Exercise goal:
In the entries below, find the line with "Batterie für Sony" and the line with "Hengoku no Schwester"; reproduce those two lines and all lines between them exactly, without pictures.

BEGIN Dataset extract

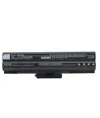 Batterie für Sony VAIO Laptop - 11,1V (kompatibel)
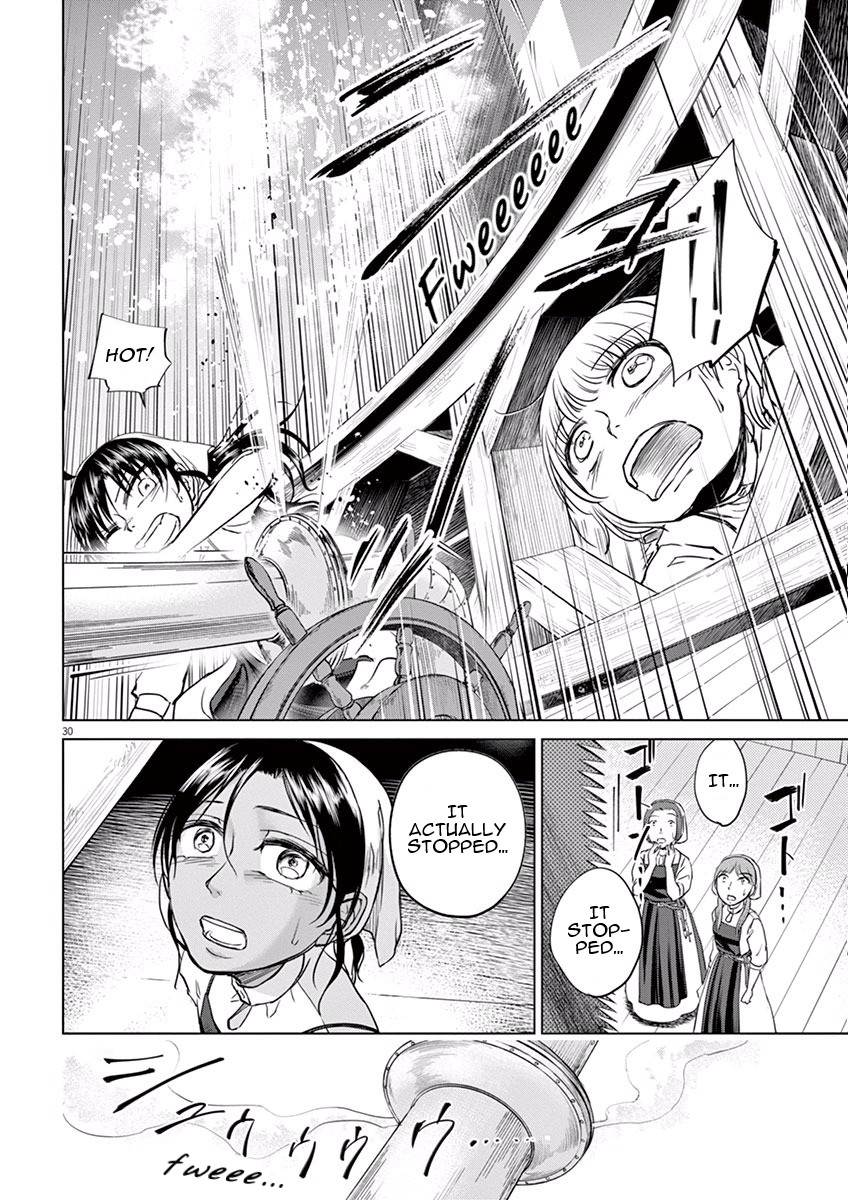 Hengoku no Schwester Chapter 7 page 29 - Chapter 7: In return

END Dataset extract
BEGIN Dataset extract

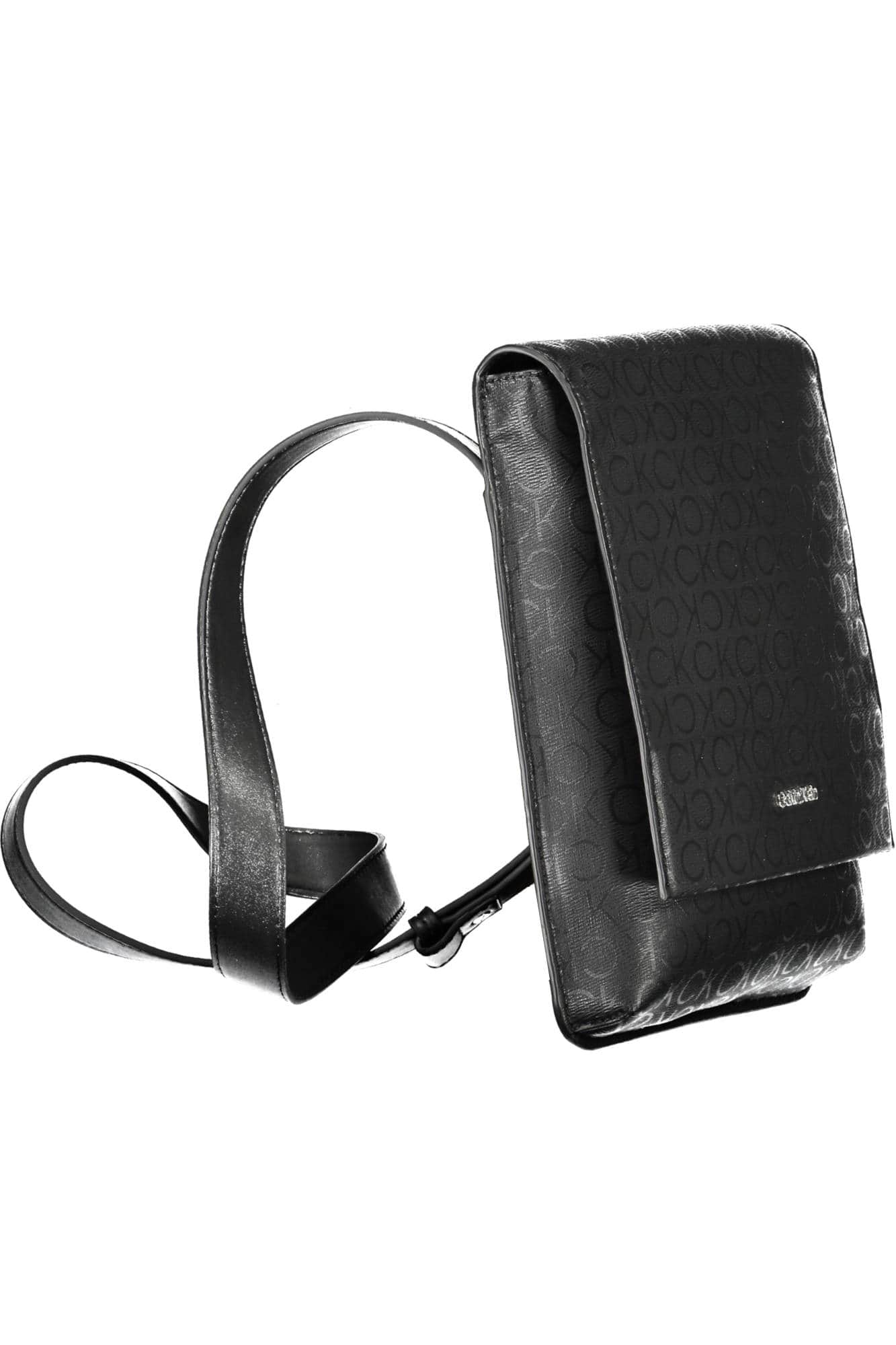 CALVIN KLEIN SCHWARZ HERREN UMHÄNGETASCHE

END Dataset extract

Answer for the task:
 Batterie für Sony VAIO Laptop - 11,1V (kompatibel)
 Hengoku no Schwester Chapter 7 page 29 - Chapter 7: In return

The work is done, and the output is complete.